┌──
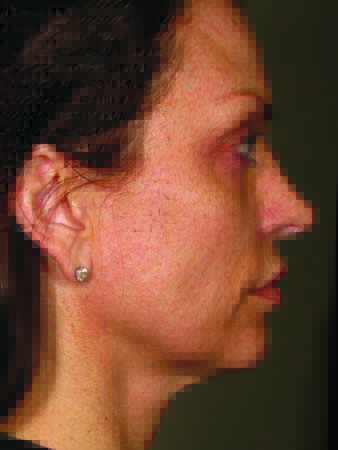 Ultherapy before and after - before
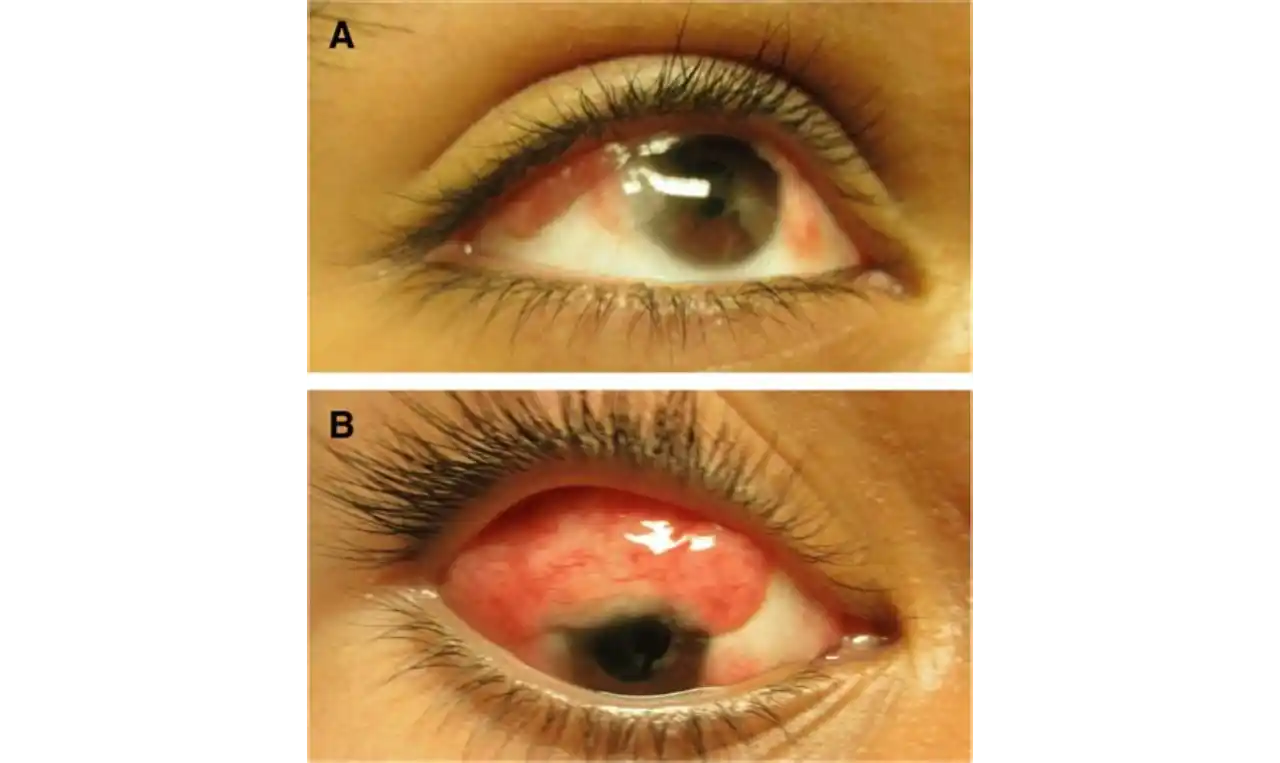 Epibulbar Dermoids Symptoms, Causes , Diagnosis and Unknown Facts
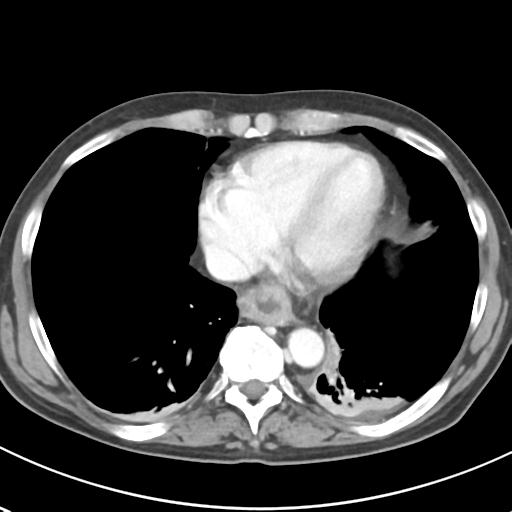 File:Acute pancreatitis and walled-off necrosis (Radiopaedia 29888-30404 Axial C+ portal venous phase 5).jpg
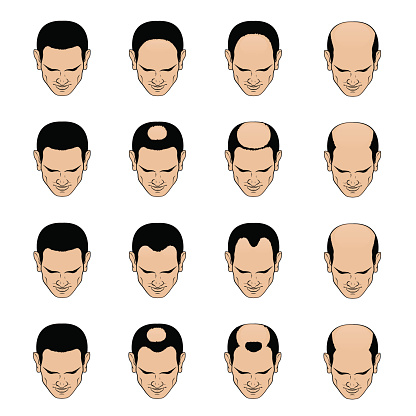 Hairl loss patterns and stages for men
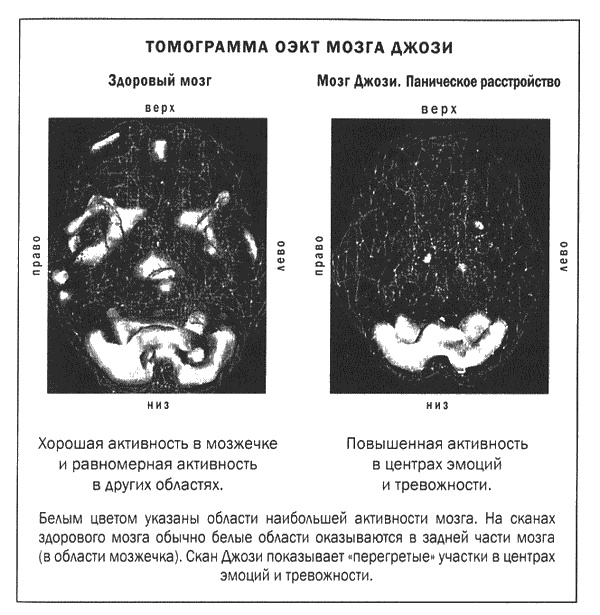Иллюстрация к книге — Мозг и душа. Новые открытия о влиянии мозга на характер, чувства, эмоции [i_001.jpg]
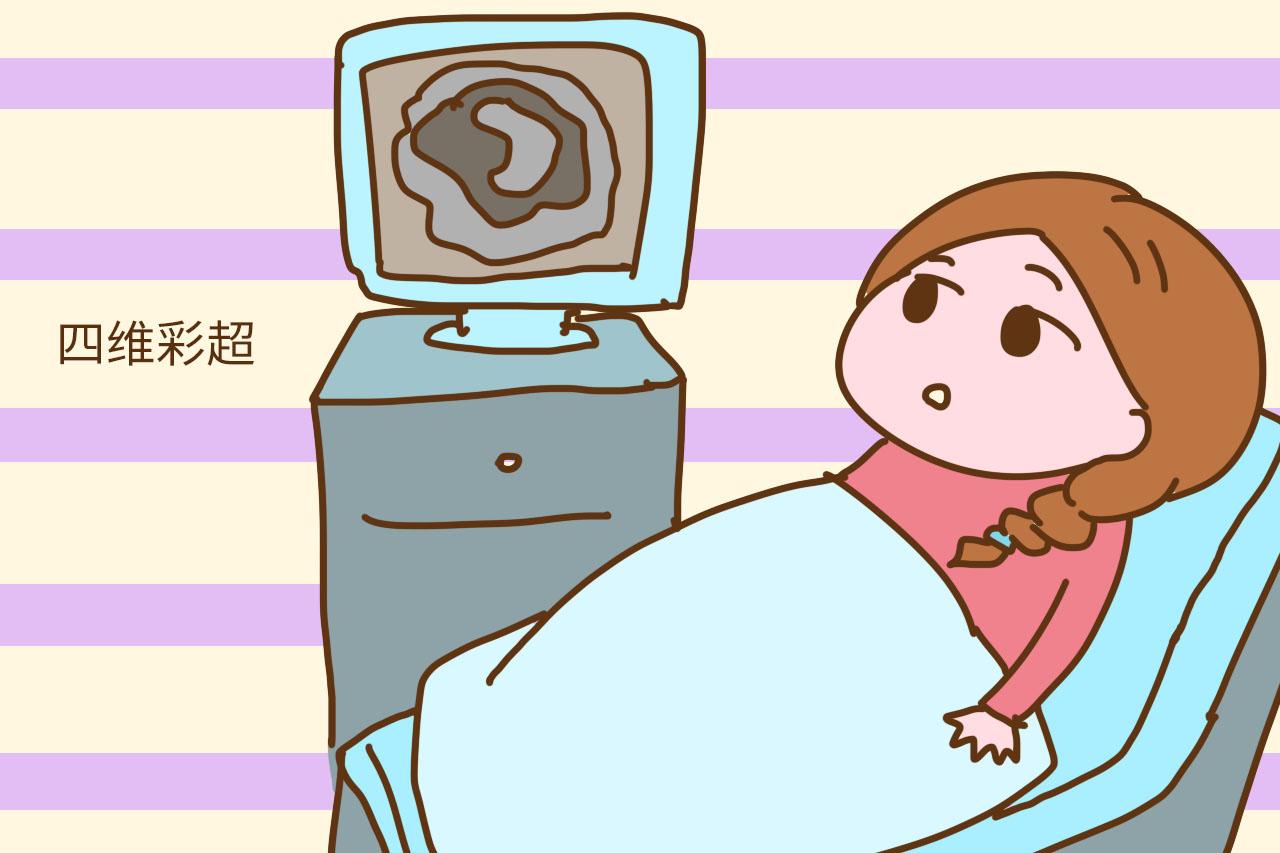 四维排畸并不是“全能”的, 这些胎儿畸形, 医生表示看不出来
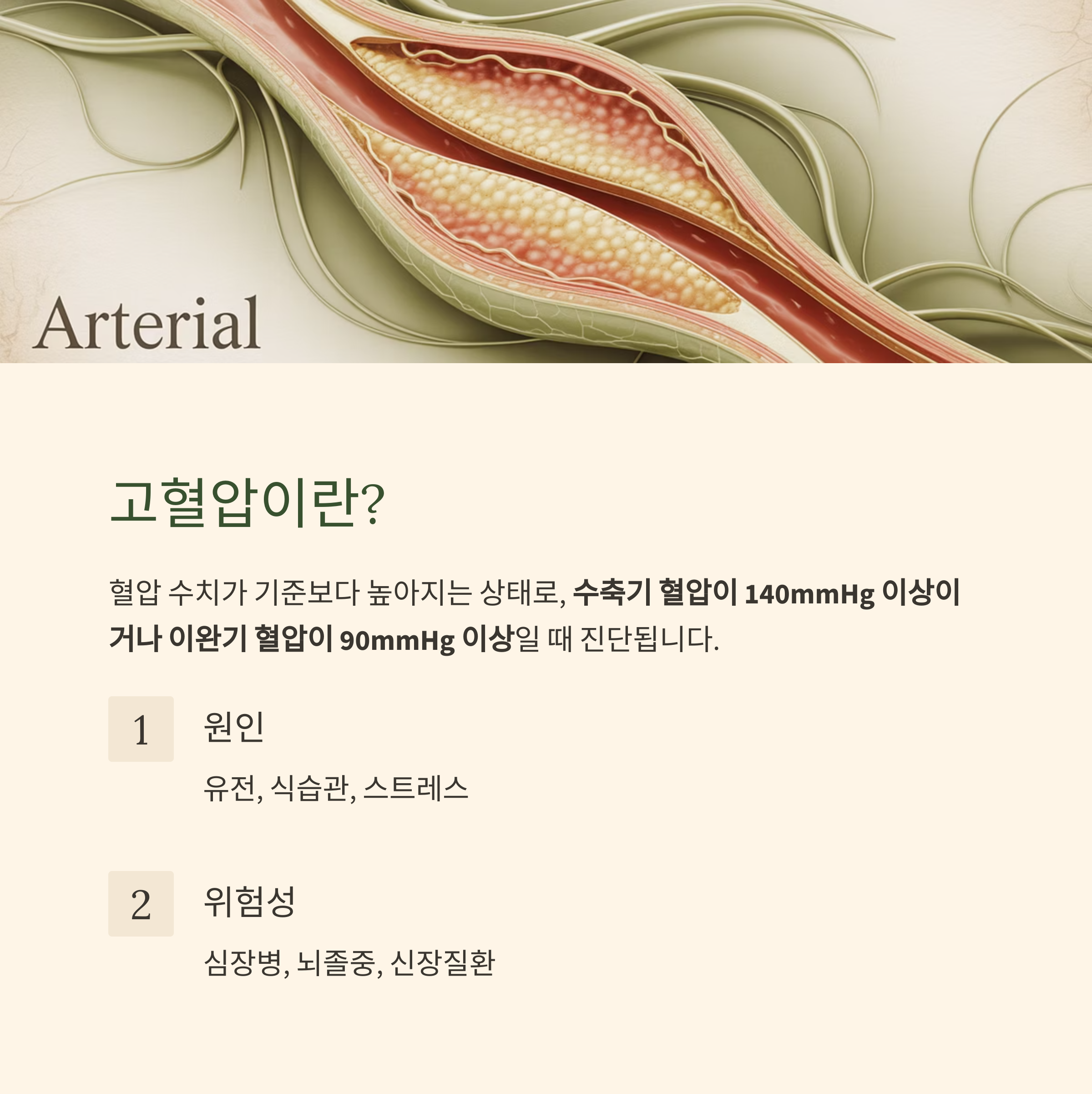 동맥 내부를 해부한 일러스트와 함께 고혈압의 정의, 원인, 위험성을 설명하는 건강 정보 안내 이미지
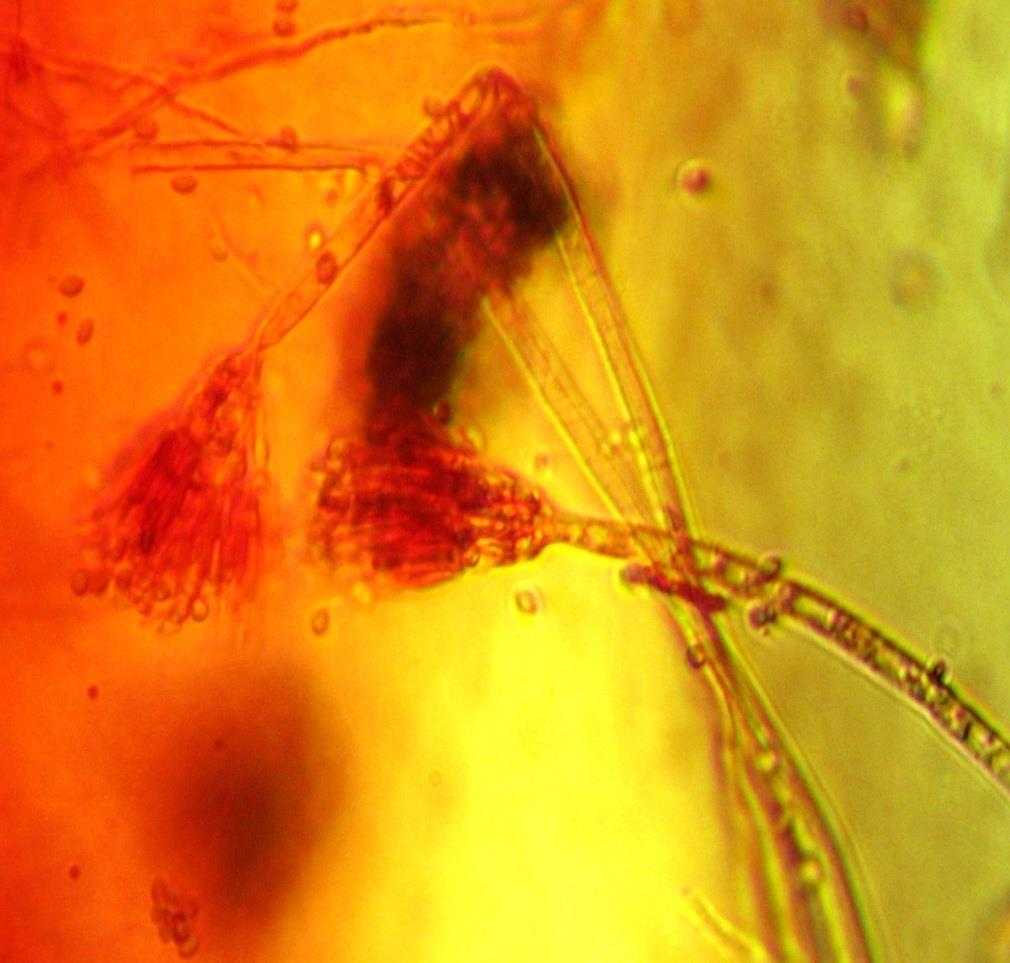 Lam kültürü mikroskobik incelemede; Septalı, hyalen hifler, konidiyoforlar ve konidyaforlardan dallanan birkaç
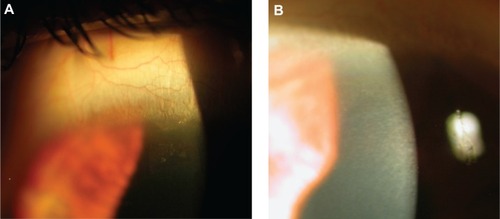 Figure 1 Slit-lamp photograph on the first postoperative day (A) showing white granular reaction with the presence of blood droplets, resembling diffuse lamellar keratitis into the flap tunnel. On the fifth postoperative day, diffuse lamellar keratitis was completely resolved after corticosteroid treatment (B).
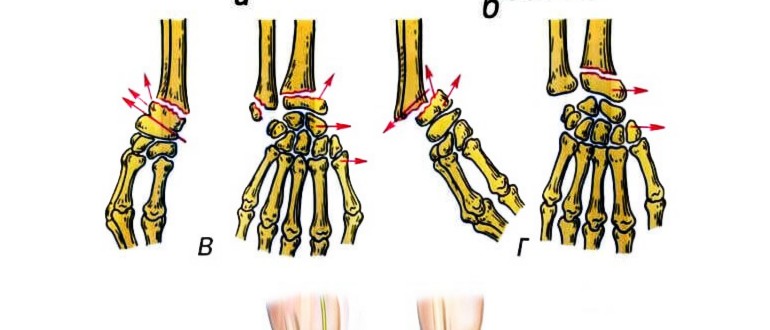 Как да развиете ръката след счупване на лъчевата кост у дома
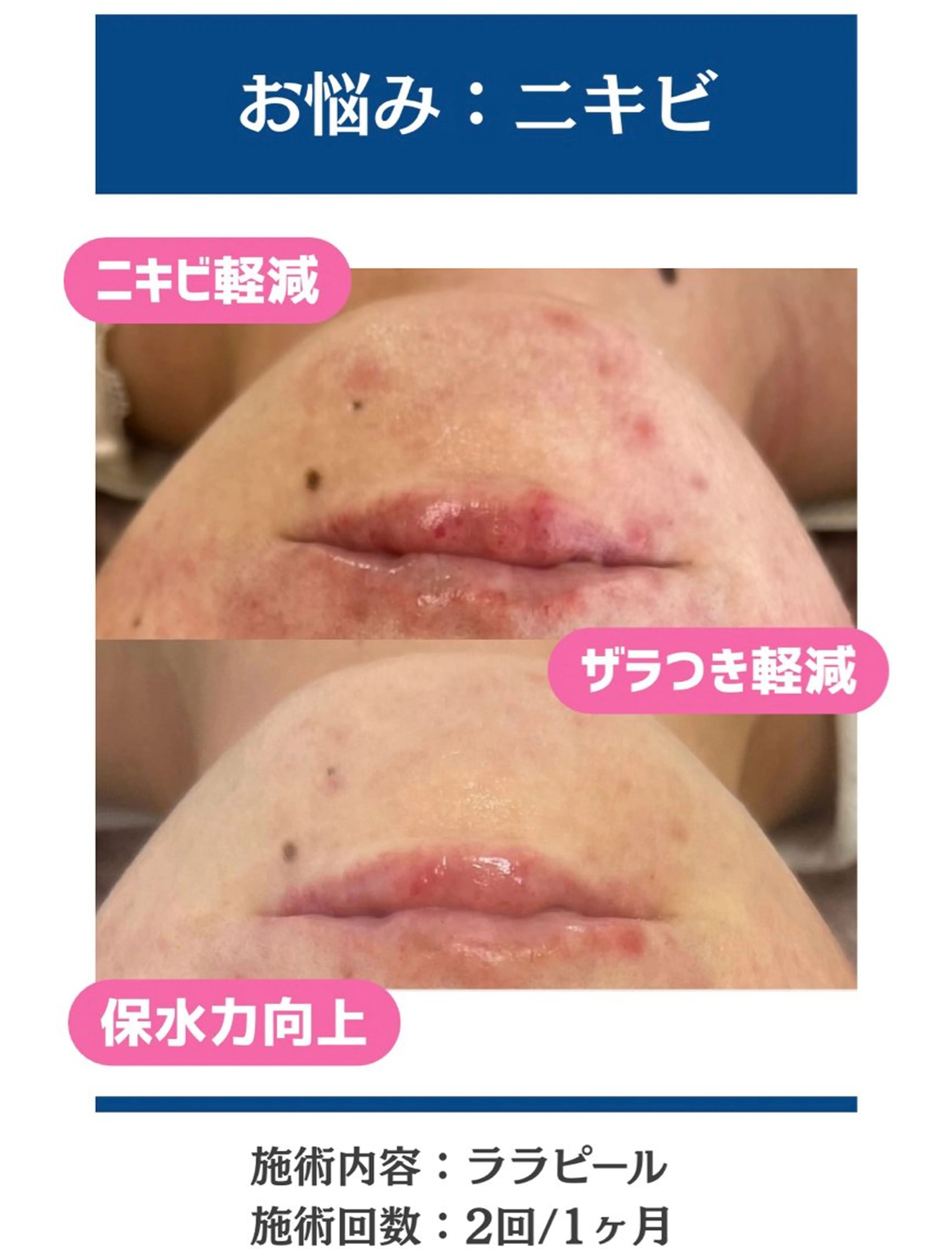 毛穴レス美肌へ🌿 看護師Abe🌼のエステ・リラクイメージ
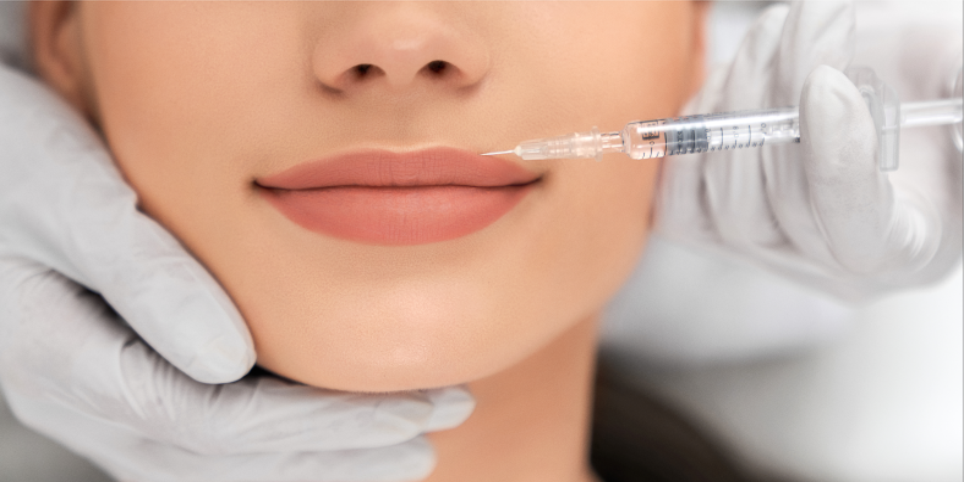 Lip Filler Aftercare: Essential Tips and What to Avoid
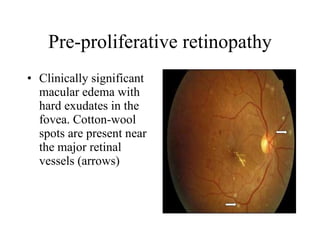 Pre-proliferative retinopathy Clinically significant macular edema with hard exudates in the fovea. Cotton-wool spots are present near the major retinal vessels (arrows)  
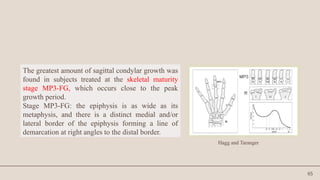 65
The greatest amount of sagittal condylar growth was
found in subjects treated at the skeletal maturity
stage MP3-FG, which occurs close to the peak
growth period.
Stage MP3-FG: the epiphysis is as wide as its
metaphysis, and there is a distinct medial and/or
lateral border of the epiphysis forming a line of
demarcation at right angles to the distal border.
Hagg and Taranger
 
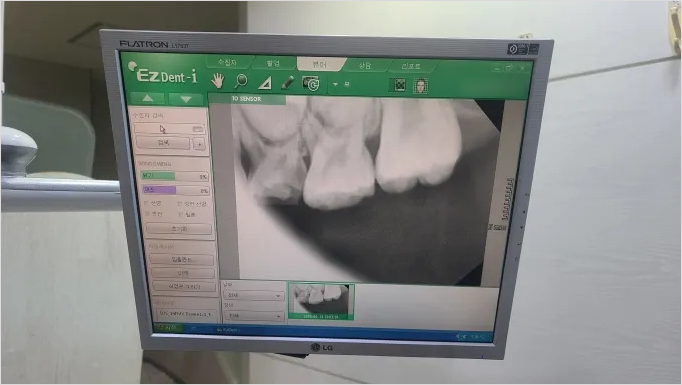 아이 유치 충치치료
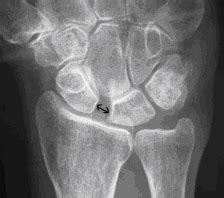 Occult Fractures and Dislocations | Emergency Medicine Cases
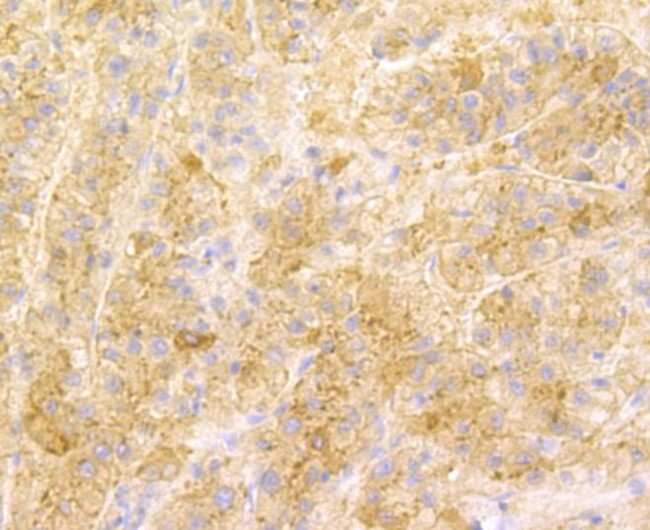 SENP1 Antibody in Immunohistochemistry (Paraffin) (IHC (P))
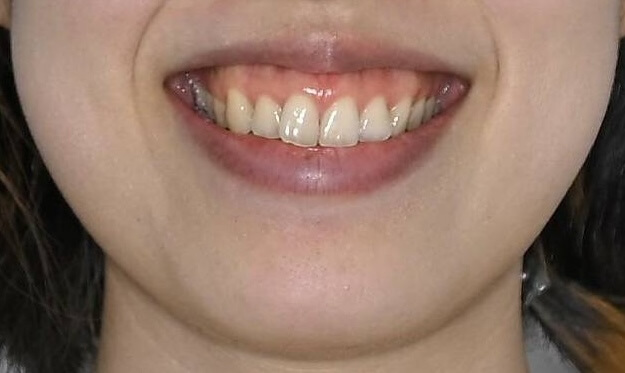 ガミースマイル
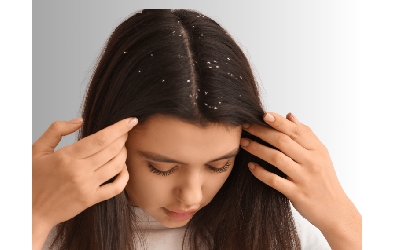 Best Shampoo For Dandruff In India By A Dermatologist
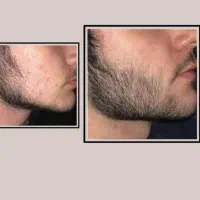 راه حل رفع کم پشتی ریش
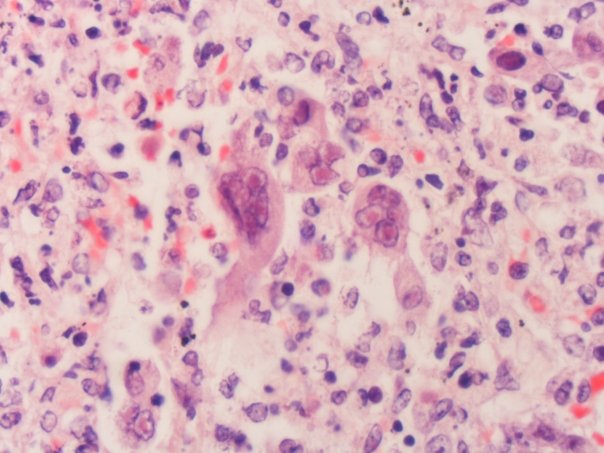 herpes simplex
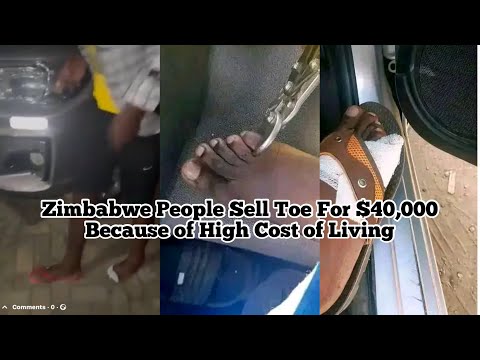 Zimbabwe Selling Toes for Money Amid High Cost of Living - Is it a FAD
└──
■ Work task
Repeat the data above word for word, without pictures.

■ Written solution
 Ultherapy before and after - before
 Epibulbar Dermoids Symptoms, Causes , Diagnosis and Unknown Facts
 File:Acute pancreatitis and walled-off necrosis (Radiopaedia 29888-30404 Axial C+ portal venous phase 5).jpg
 Hairl loss patterns and stages for men
Иллюстрация к книге — Мозг и душа. Новые открытия о влиянии мозга на характер, чувства, эмоции [i_001.jpg]
 四维排畸并不是“全能”的, 这些胎儿畸形, 医生表示看不出来
 동맥 내부를 해부한 일러스트와 함께 고혈압의 정의, 원인, 위험성을 설명하는 건강 정보 안내 이미지
 Lam kültürü mikroskobik incelemede; Septalı, hyalen hifler, konidiyoforlar ve konidyaforlardan dallanan birkaç
 Figure 1 Slit-lamp photograph on the first postoperative day (A) showing white granular reaction with the presence of blood droplets, resembling diffuse lamellar keratitis into the flap tunnel. On the fifth postoperative day, diffuse lamellar keratitis was completely resolved after corticosteroid treatment (B).
 Как да развиете ръката след счупване на лъчевата кост у дома
 毛穴レス美肌へ🌿 看護師Abe🌼のエステ・リラクイメージ
 Lip Filler Aftercare: Essential Tips and What to Avoid
 Pre-proliferative retinopathy Clinically significant macular edema with hard exudates in the fovea. Cotton-wool spots are present near the major retinal vessels (arrows)  
 65
The greatest amount of sagittal condylar growth was
found in subjects treated at the skeletal maturity
stage MP3-FG, which occurs close to the peak
growth period.
Stage MP3-FG: the epiphysis is as wide as its
metaphysis, and there is a distinct medial and/or
lateral border of the epiphysis forming a line of
demarcation at right angles to the distal border.
Hagg and Taranger
 
 아이 유치 충치치료
 Occult Fractures and Dislocations | Emergency Medicine Cases
 SENP1 Antibody in Immunohistochemistry (Paraffin) (IHC (P))
 ガミースマイル
 Best Shampoo For Dandruff In India By A Dermatologist
 راه حل رفع کم پشتی ریش
 herpes simplex
 Zimbabwe Selling Toes for Money Amid High Cost of Living - Is it a FAD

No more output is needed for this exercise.